This technique is also known as quaternary PSK, quadriphase PSK or 4-PSK. QPSK refers to a type of phase modulation technique where there are four states involved. It uses four points on the constellation diagram, equispaced around a circle. Since QPSK has four phases, it can encode two bits per symbol, thereby increasing the data rate.
In QPSK the original data stream dk(t) = d0 , d1 , d2 ,… is divided into an in-phase stream, dI(t), and a quadrature stream, dq(t).
dI(t) = d0 , d2 , d4, …
dq(t) = d1, d3, d5, …
dI(t) and dq(t) each have half the bit rate of dk(t). A convenient orthogonal realization of a QPSK waveform, S(t), is achieved by amplitude modulating the in-phase and quadrature data streams onto the cosine and sine functions of a carrier wave as follows.

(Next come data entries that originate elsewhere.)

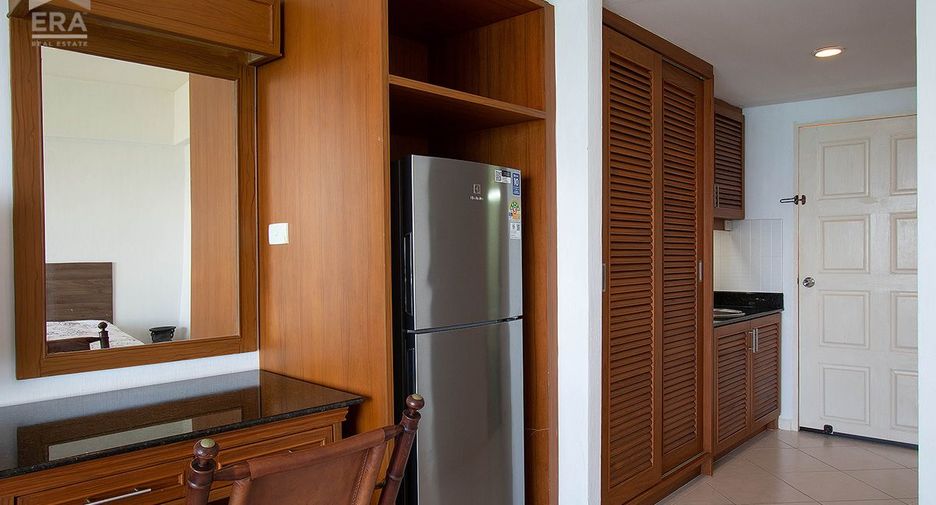 For sale 1 bed condo in Mueang Rayong, Rayong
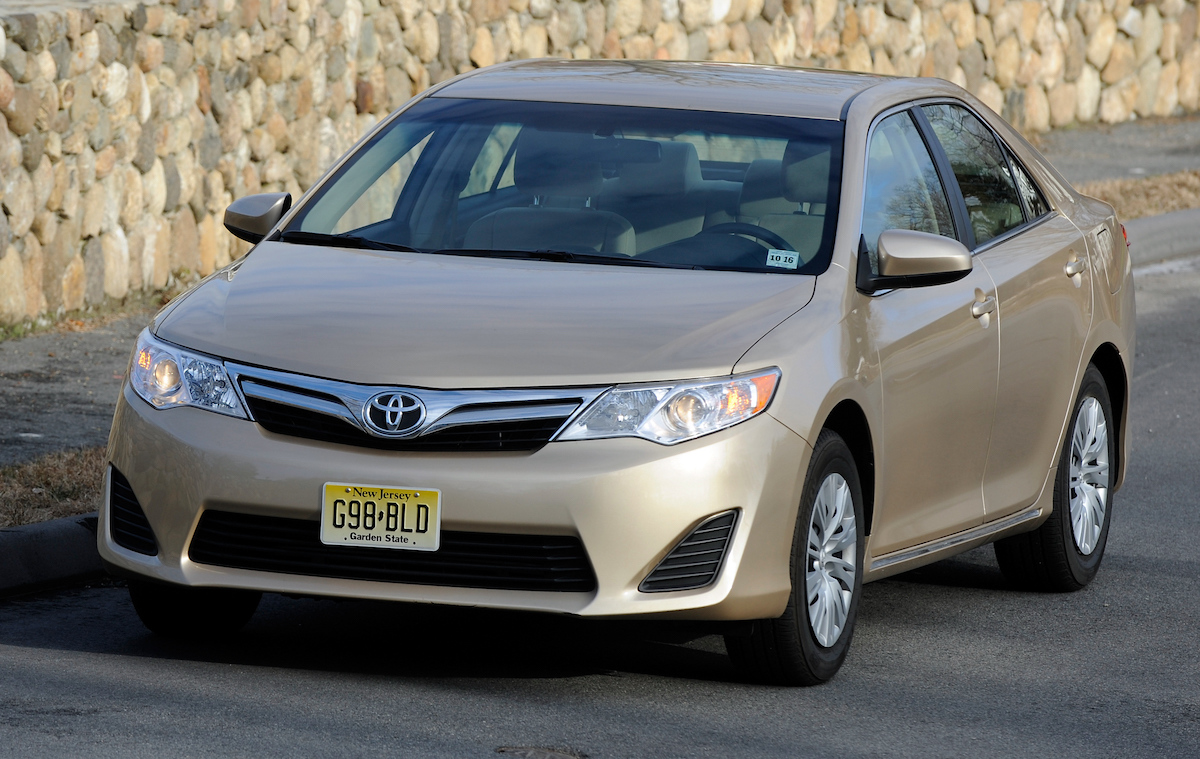 2012 Toyota Camry Hybrid Test 8211 Review 8211 Car and Driver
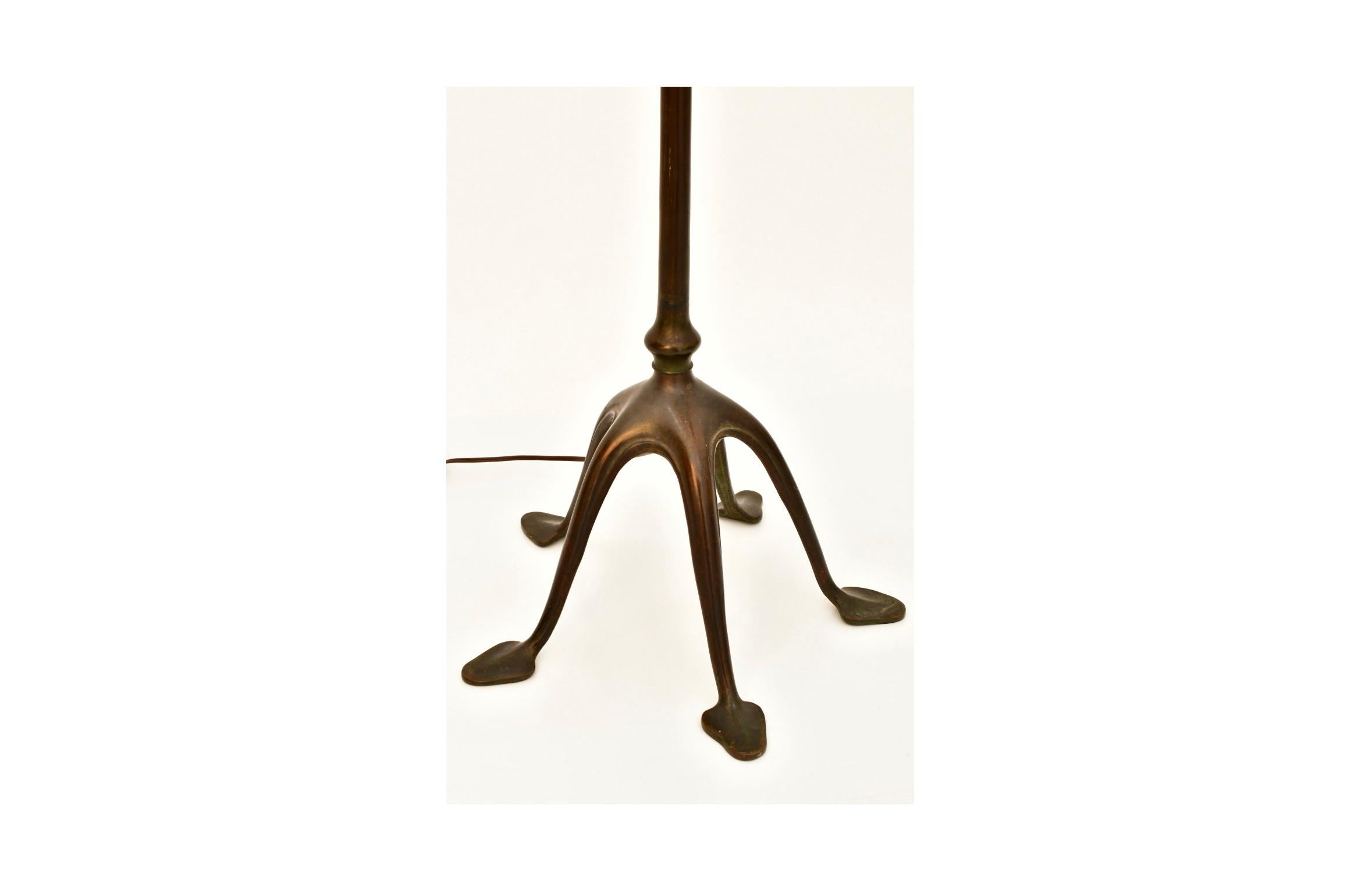 Tiffany Studios Bronze Harfe Stehleuchte mit grünem Damaszener Favrile Glasschirm (amerikanisch) im Angebot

S(t) = 1/√2 * dI(t) cos(2πf0t + π/4) + 1/√2 * dq(t) sin(2πf0t + π/4) :(1)
Using trigonometric identities, this equation can also be written as
S(t) = cos[ 2πf0t + Θ(t) ]
The value of Θ(t) will correspond to one of the four possible combinations of dI(t) and dq(t) in the equation (1).
Θ(t) = 0o , ± 90o , or 180o.
QPSK MODULATOR
QPSK DEMODULATOR
A slight modification to this basic QPSK technique gives various other forms of modulation techniques such as DQPSK, OQPSK, π/4 QPSK etc. These techniques are more efficient in different scenarios when compared to basic QPSK. One technique that interests us is that of DQPSK.
Differential phase shift keying (DPSK) conveys data by changing the phase of the carrier wave. In the QPSK method there is an ambiguity of phase if the constellation is rotated by some effect in the communications channel through which the signal passes. This problem can be solved by using a technique such that each data is represented with a particular phase and having this phase information transmitted over the carrier. The receiver then takes the difference of two adjacent phase decisions to arrive at the decision on the information phase - thereby using this information to demodulate. Hence DQPSK (Differential Quadrature Phase Shift Keying) is more resistant to frequency/phase rotation errors in the carrier reception.
As DQPSK is more resistant to frequency/phase rotation errors and considering that our signals have to travel a long distance through space we prefer this modulation technique for our data transmission.